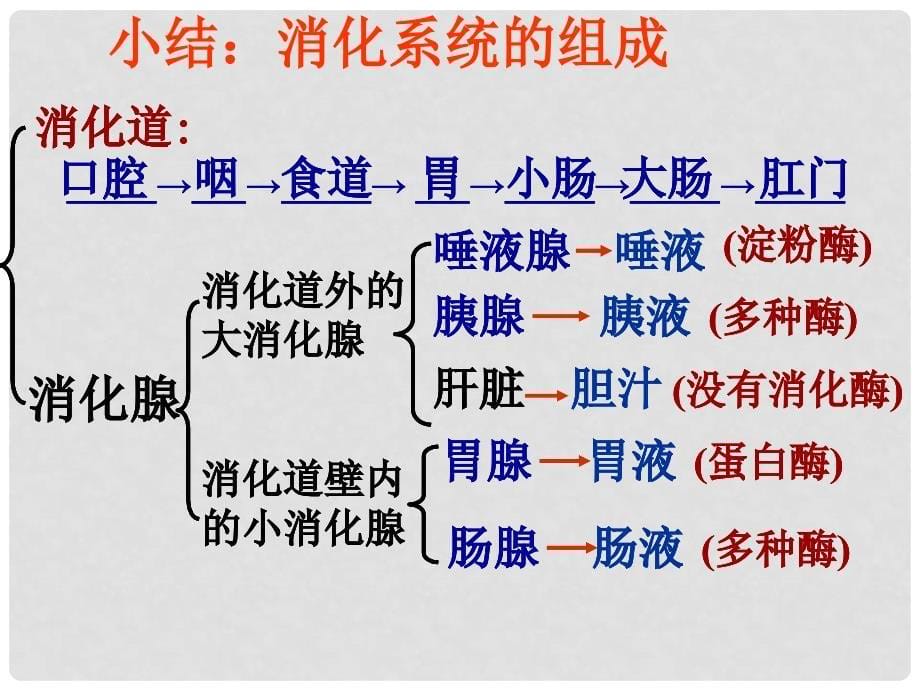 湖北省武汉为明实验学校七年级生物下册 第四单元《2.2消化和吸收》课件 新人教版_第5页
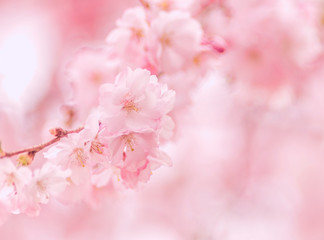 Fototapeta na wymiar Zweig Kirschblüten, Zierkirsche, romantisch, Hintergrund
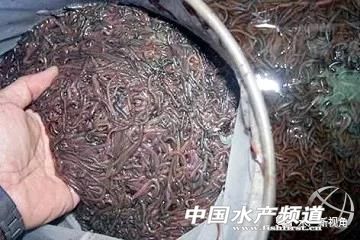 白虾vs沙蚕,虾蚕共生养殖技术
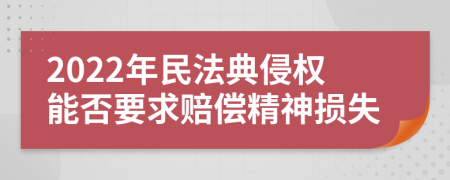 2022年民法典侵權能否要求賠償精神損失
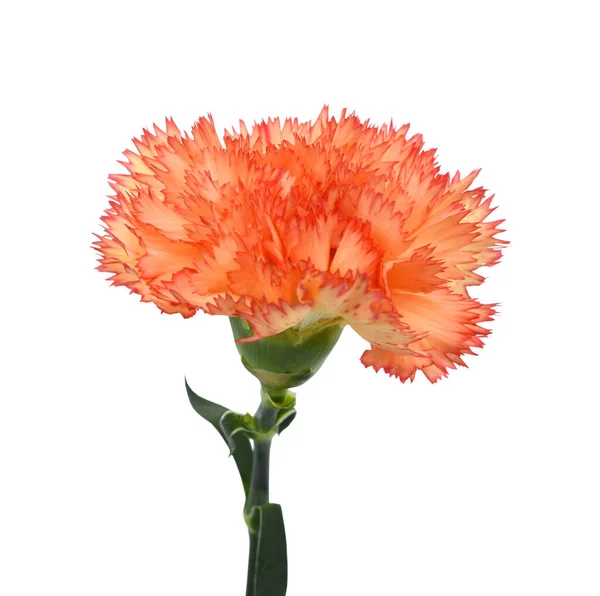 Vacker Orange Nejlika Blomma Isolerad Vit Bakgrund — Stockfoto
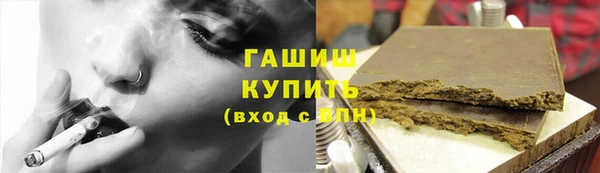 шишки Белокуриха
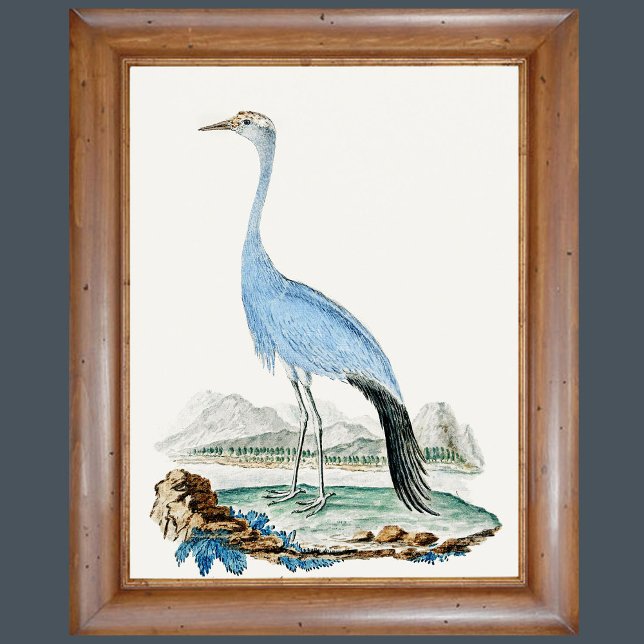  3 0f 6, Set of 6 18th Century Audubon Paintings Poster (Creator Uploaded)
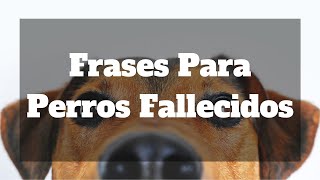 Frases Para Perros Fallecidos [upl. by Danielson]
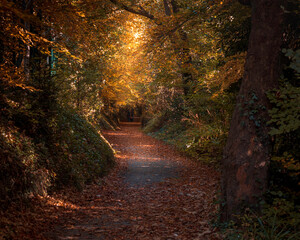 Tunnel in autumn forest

────────

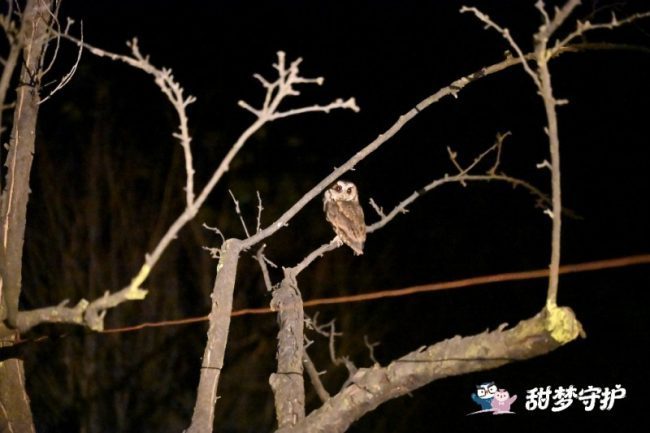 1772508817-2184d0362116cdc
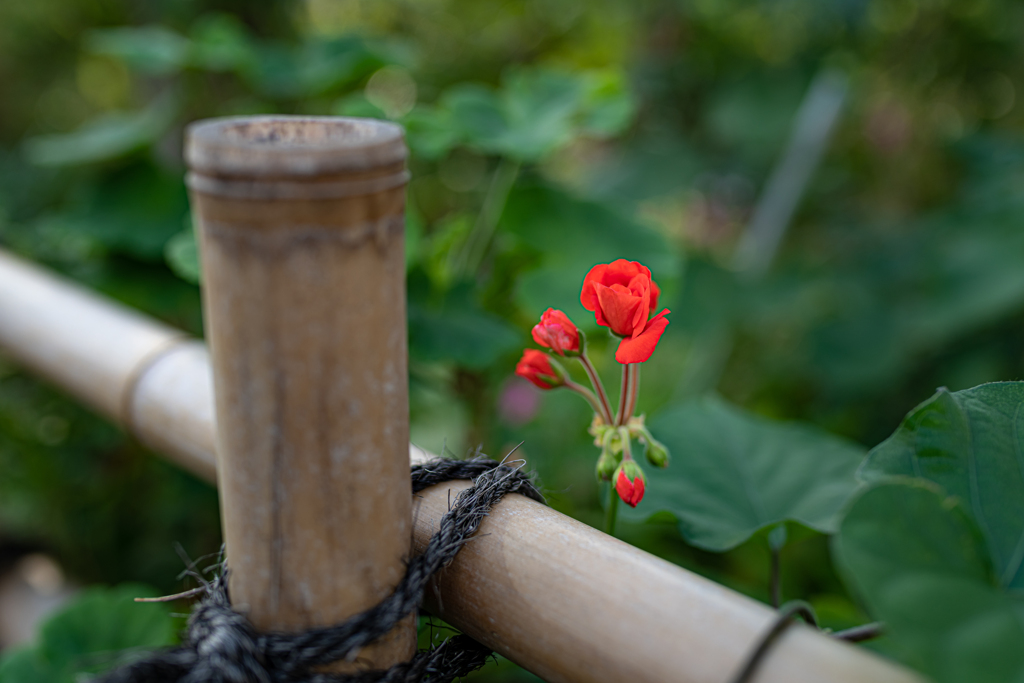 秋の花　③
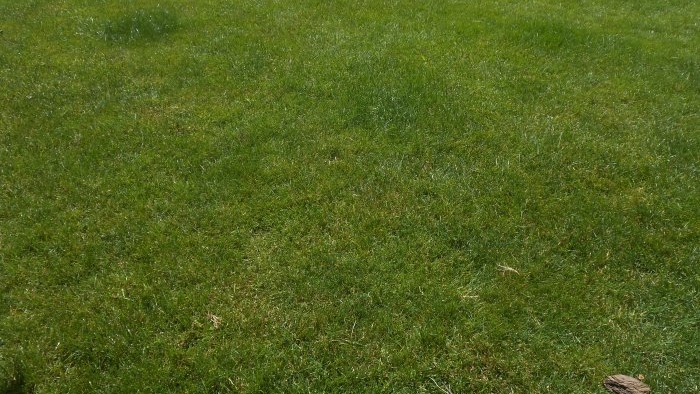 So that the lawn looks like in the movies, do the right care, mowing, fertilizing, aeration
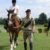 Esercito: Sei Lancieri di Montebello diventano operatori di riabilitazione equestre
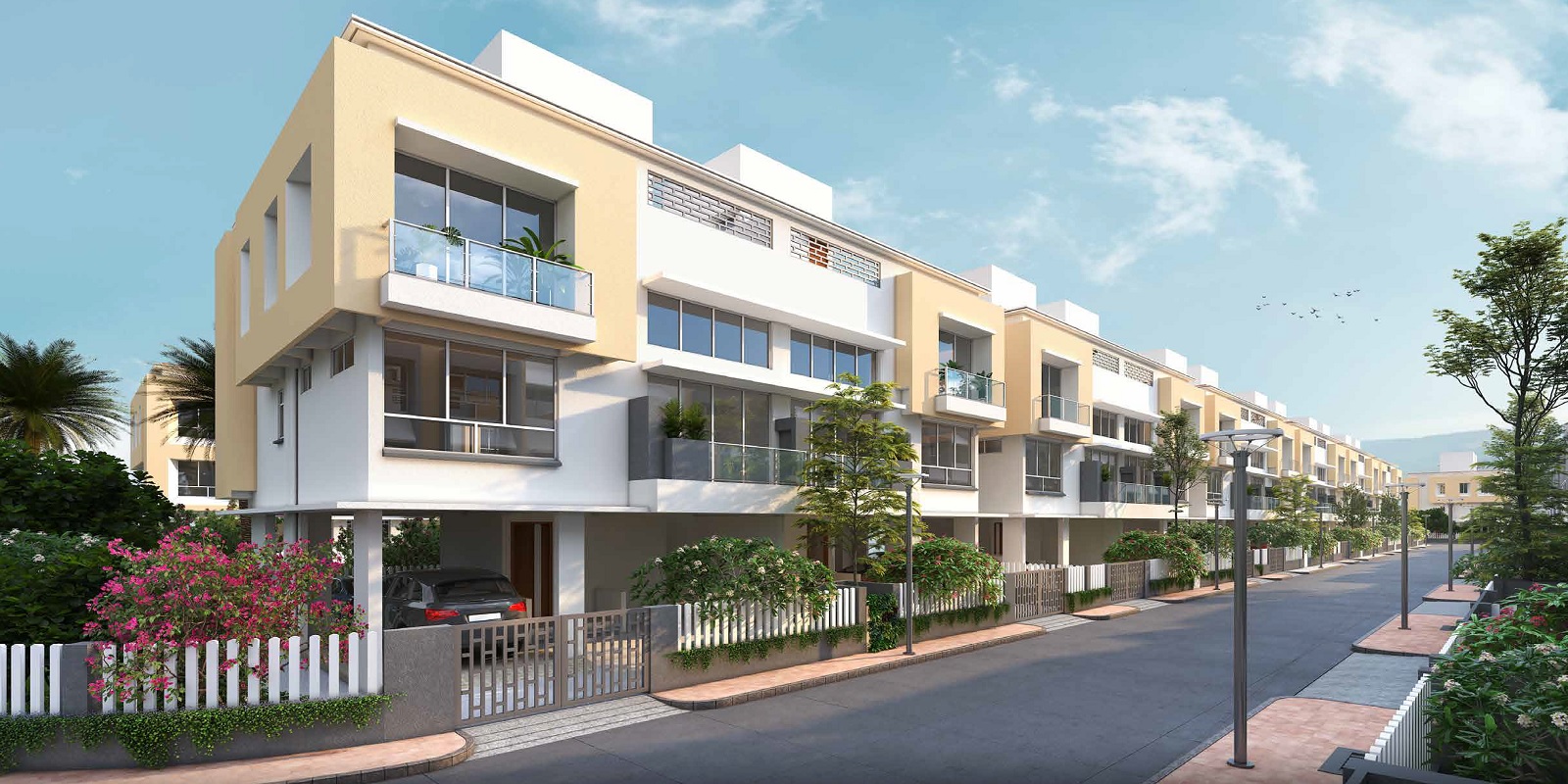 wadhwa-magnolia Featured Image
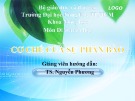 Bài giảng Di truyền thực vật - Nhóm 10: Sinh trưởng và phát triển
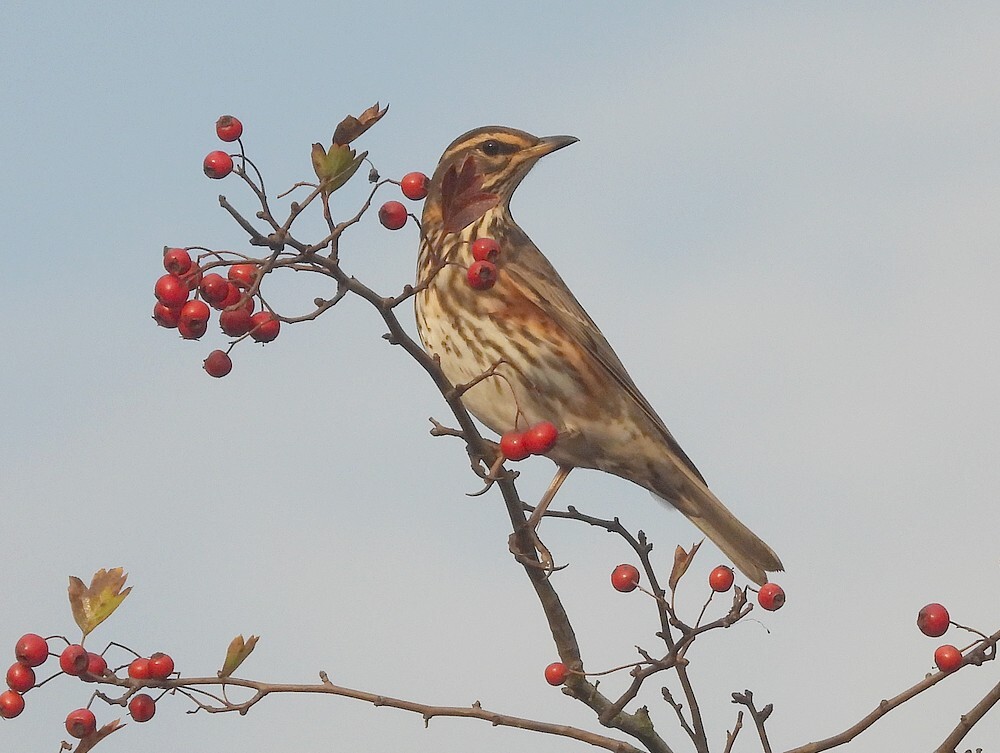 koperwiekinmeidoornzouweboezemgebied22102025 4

────────

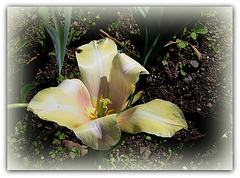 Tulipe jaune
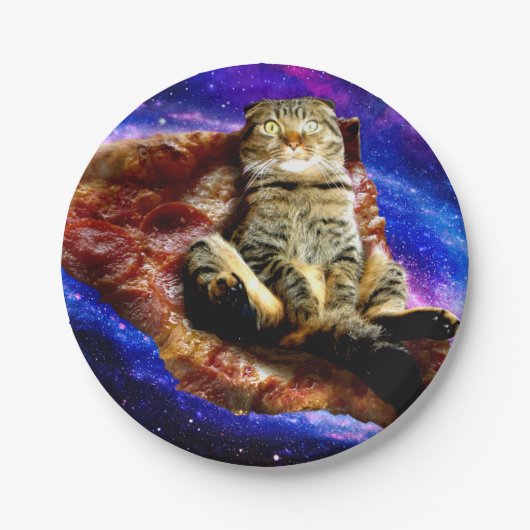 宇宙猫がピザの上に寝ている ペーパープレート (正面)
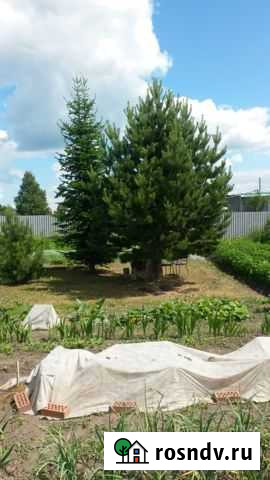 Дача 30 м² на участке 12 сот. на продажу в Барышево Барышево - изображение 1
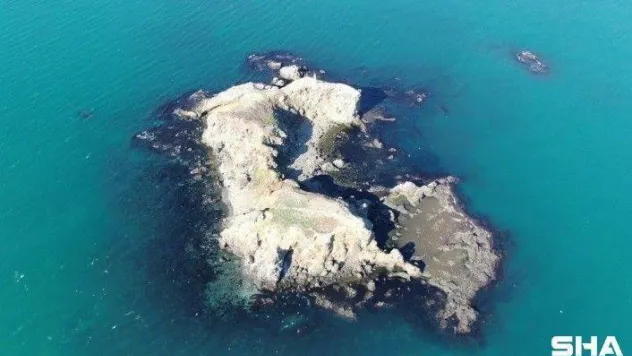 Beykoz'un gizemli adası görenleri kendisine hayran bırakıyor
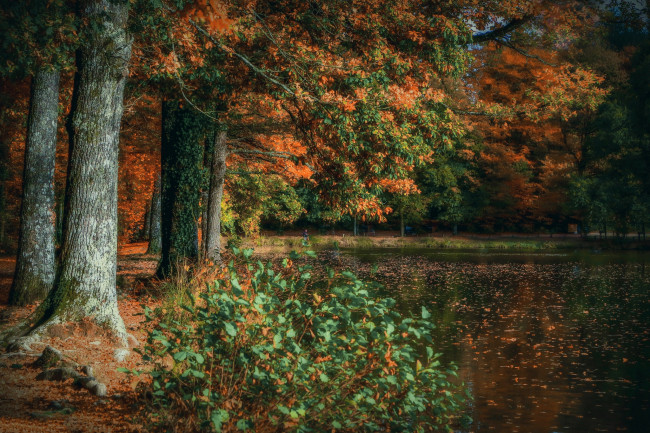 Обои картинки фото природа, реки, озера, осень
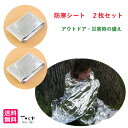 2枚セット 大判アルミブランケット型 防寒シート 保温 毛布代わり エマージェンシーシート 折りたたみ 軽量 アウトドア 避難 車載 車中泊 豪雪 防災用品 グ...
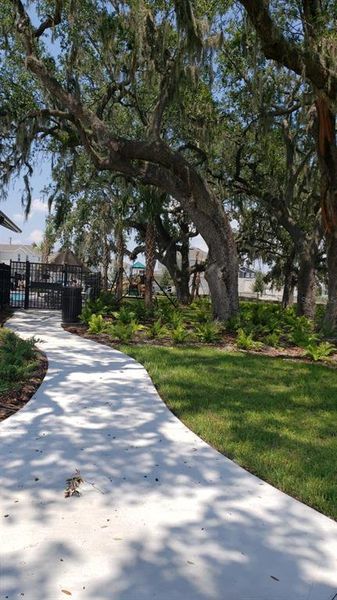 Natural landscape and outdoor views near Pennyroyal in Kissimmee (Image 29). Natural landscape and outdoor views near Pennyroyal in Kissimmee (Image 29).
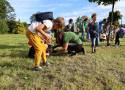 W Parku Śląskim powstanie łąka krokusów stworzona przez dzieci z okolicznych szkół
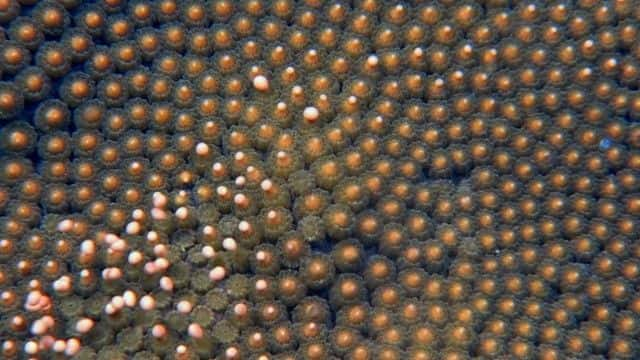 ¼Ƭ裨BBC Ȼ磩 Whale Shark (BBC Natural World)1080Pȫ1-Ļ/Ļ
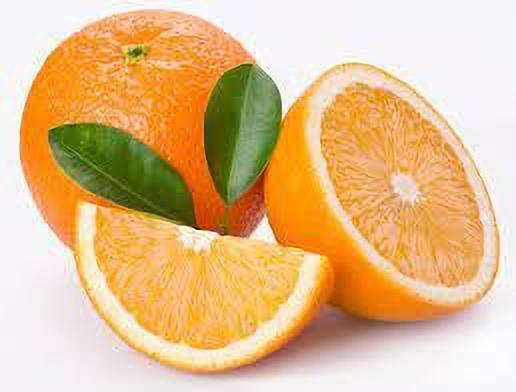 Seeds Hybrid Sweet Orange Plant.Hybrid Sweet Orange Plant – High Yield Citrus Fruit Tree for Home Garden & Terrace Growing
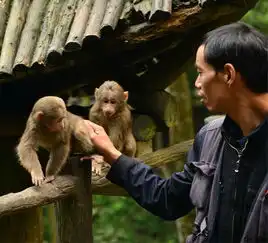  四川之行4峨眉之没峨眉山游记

────────

Your task:
Range to copy from the listing above: the line containing "Frases Para Perros" down to the line containing "Tunnel in autumn forest", both included. Reproduce it exactly, minus the pictures, and add nothing.

Answer space:
 Frases Para Perros Fallecidos [upl. by Danielson]
 Tunnel in autumn forest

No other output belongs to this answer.